**Requirement:**
Retype, exactly and with both ends included, the lines below from the one containing "The American Cotton Long Sleeve - GET LOST" through the end; omit the pictures.

**Extracted entries:**

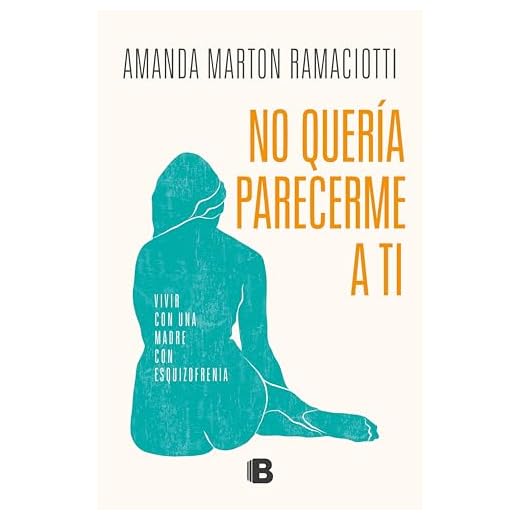 No quería parecerme a ti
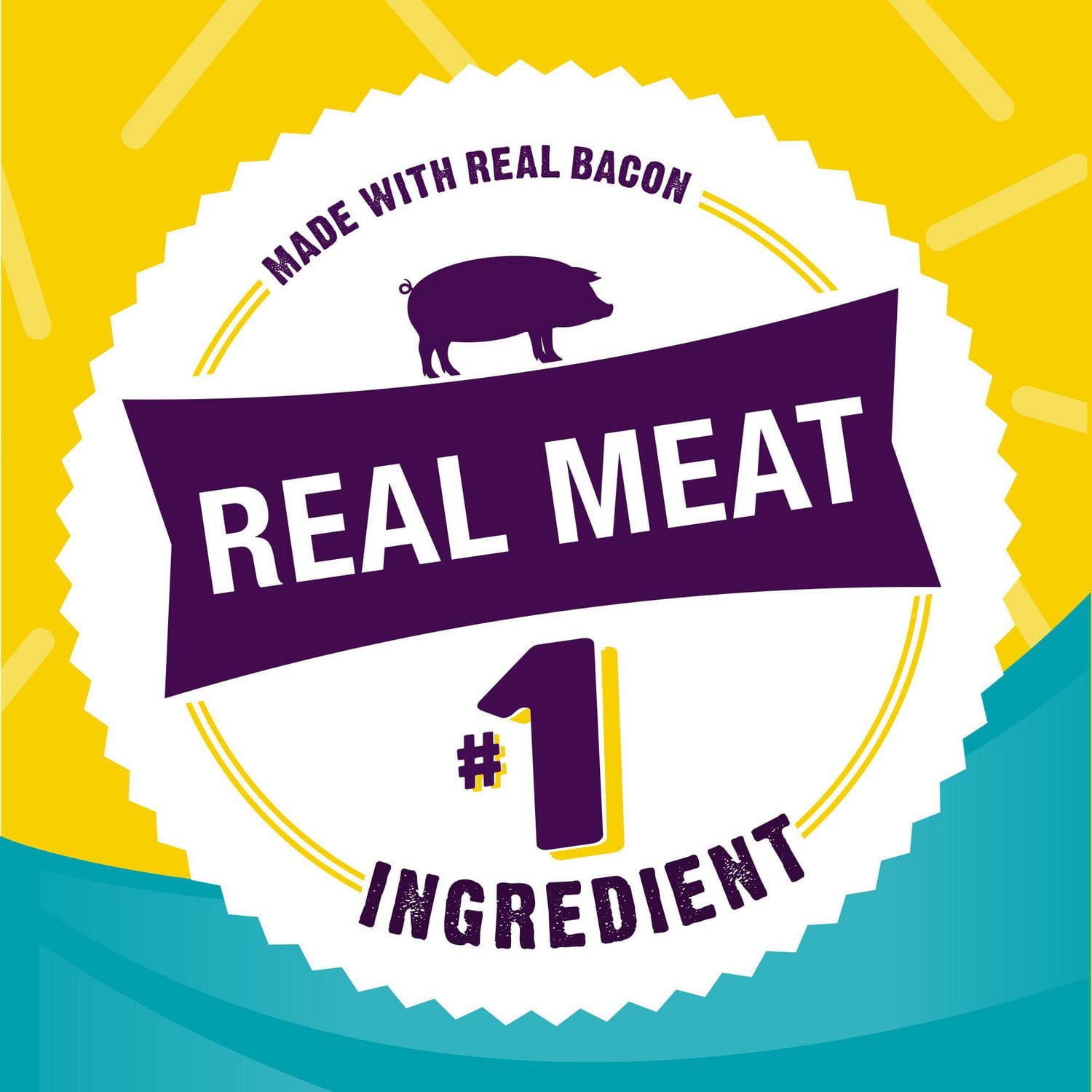 Beggin' Flavour Stix Bacon & Peanut Butter, Chewy Stick Dog Treats 708 g, 708 g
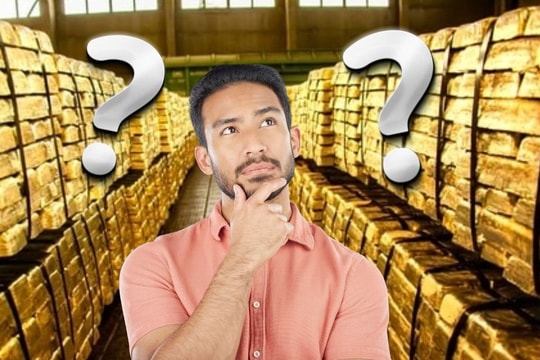 Công ty khai thác gần 1 tấn vàng tại Việt Nam phải "bất lực" trong một việc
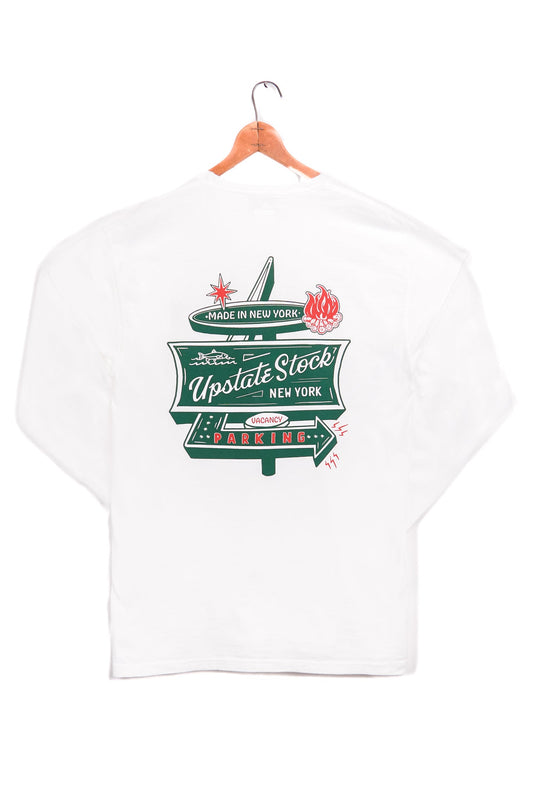 The American Cotton Long Sleeve - GET LOST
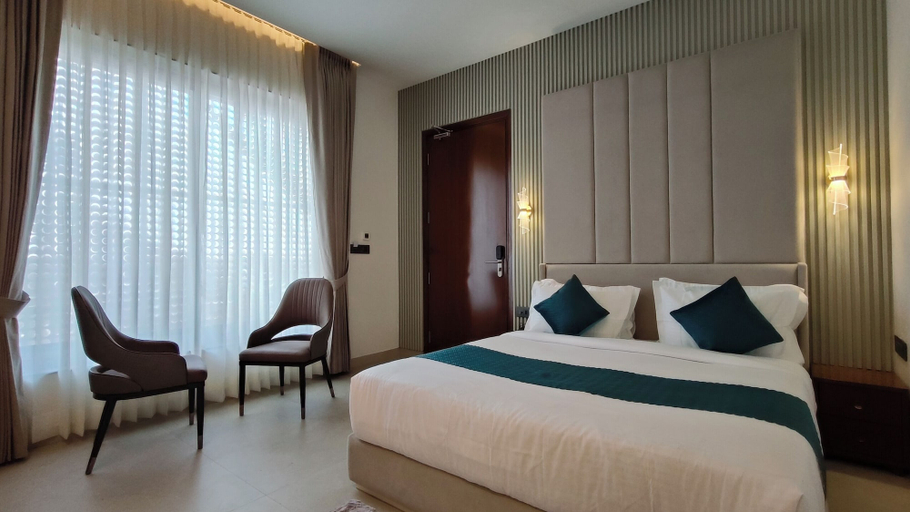 Room 3, Radiance Hotel, Sirsa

**Output for this exercise:**
 The American Cotton Long Sleeve - GET LOST
 Room 3, Radiance Hotel, Sirsa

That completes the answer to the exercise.